1.The author is trying to show that even though her ideas of faith (or lack thereof) are inherently different from mormons, they do not seem to diminish her fascination with the messages that mormons present in their blogs, and she appreciates their positive attitude; she wants to share her experience to persuade others to read them.
2. The author uses several different tools of logic (logos) to strengthen her argument. For instance, she says that mormons are so good at blogging because "Church elders have long encouraged members to keep regular journals for the dual purposes of historical record-keeping and promoting spiritual insight, and as a result Mormons are champion journalers and scrapbookers," which only makes sense. The author also uses emotional connection to improve her argument through examples of her personal experience in reading mormon mommy blogs.

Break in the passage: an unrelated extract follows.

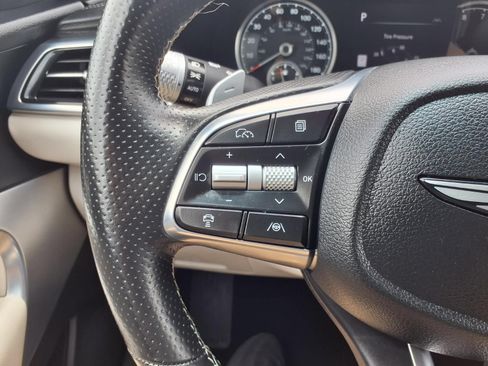 Used 2024 Genesis G70 2.5T AWD/4WD image 15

3. These tools that the author uses in this blog helps the audience believe that since she has had such a positive outcome with reading mormon blogs, that they too can feel the "uplifting" experience that she has. Also, the author helps the audience think that in a general sense, people do not have to have the same beliefs, to raise each other up and encourage good morals.

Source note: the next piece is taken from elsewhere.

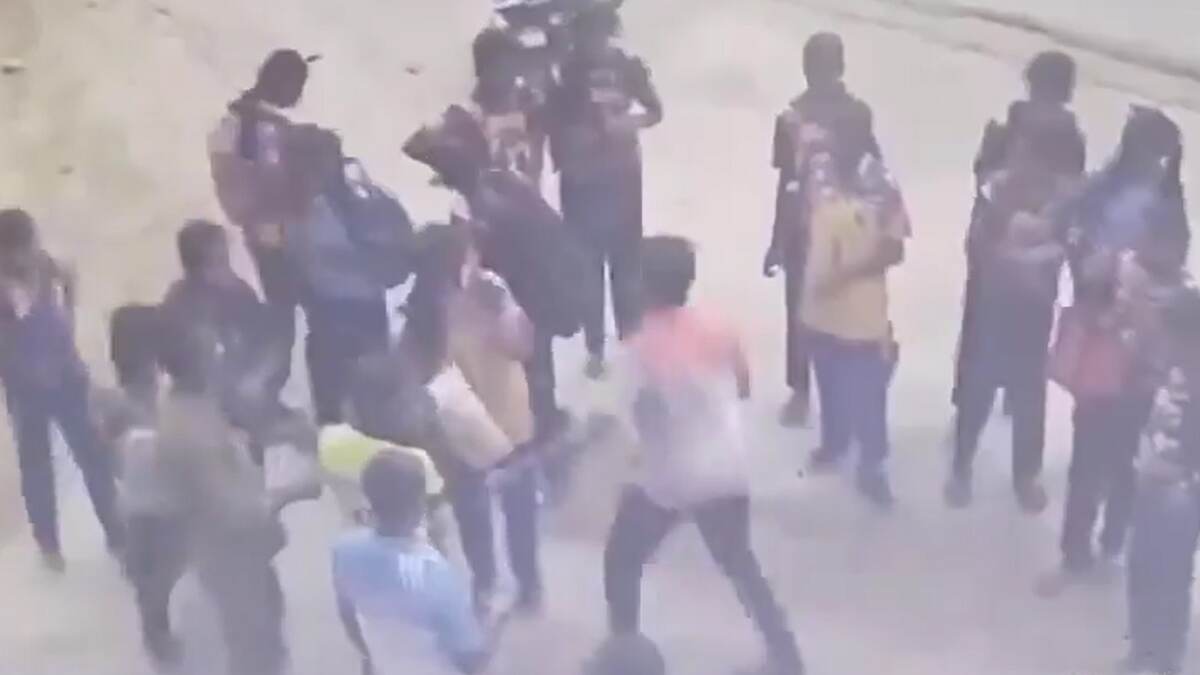 Viral Video: பள்ளி மாணவி மீது சரமாரி தாக்குதல்.. உடற்கல்வி ஆசிரியர் வெறிச்செயல்..!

4. The author needs the audience/reader to think, feel, and believe in her blog because she feels so strongly about the subject of being a feminist-athiest, but that she is able to read something by someone of completely opposite beliefs; she just wants to help others know that they can fall into the same category.
All in all, I think this blog is very interesting. Mostly because I, myself, am a member of the Church of Jesus Christ of Latter-day Saints (Mormon religion), and I think it intriguing that this woman has been so affected from reading from members of my same faith and feels the obligation to share that with others. I just think that that is a pretty cool trend of blogging about others blogs-- kind of weird, but still cool. (I'm a hypocrite, obviously. hahaha!)